The FORTRAN 77 interfaces are specified in the mkl_lapack.fi and mkl_lapack.h include files.

Description

The function computes the infinity norm condition number of

op(A) * diag(x)

where the x is a COMPLEX vector for cla_gercond_x and a DOUBLE COMPLEX vector for zla_gercond_x.

Input Parameters

trans

CHARACTER*1. Must be 'N' or 'T' or 'C'.

Specifies the form of the system of equations:

If trans = 'N', the system has the form A*X = B (No transpose)

If trans = 'T', the system has the form A^T*X = B (Transpose)

If trans = 'C', the system has the form A^H*X = B (Conjugate Transpose = Transpose)

n

INTEGER. The number of linear equations, that is, the order of the matrix A; n ≥ 0.

a, af, x, work

COMPLEX for cla_gercond_x

DOUBLE COMPLEX for zla_gercond_x

Arrays:

a(lda,*) contains the original general n-by-n matrix A.

af(ldaf,*) contains the factors L and U from the factorization A=P*L*U as returned by ?getrf.

x, DIMENSION n. The vector x in the formula op(A) * diag(x).

work is a workspace array of DIMENSION (2*n).
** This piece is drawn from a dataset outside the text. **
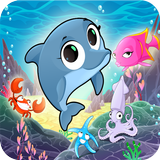 Ocean Match Puzzle Fishdom Legend : Underwater icon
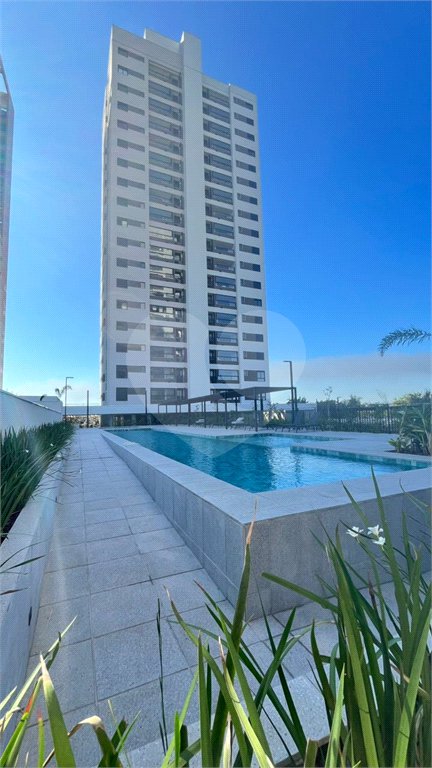 Apartamento à venda com 2 quartos, sendo 1 suíte, em Além Ponte, Sorocaba, SP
The second dimension of a and af must be at least max(1, n).

lda

INTEGER. The leading dimension of the array a. lda ≥ max(1,n).

ldaf

INTEGER. The leading dimension of af. ldaf ≥ max(1,n).

ipiv

INTEGER.

Array with DIMENSION n. The pivot indices from the factorization A = P*L*U as computed by ?getrf. Row i of the matrix was interchanged with row ipiv(i).

rwork

REAL for cla_gercond_x

DOUBLE PRECISION for zla_gercond_x

Array rwork with DIMENSION n is a workspace.

Output Parameters

info

INTEGER.

If info = 0, the execution is successful.

If i > 0, the i-th parameter is invalid.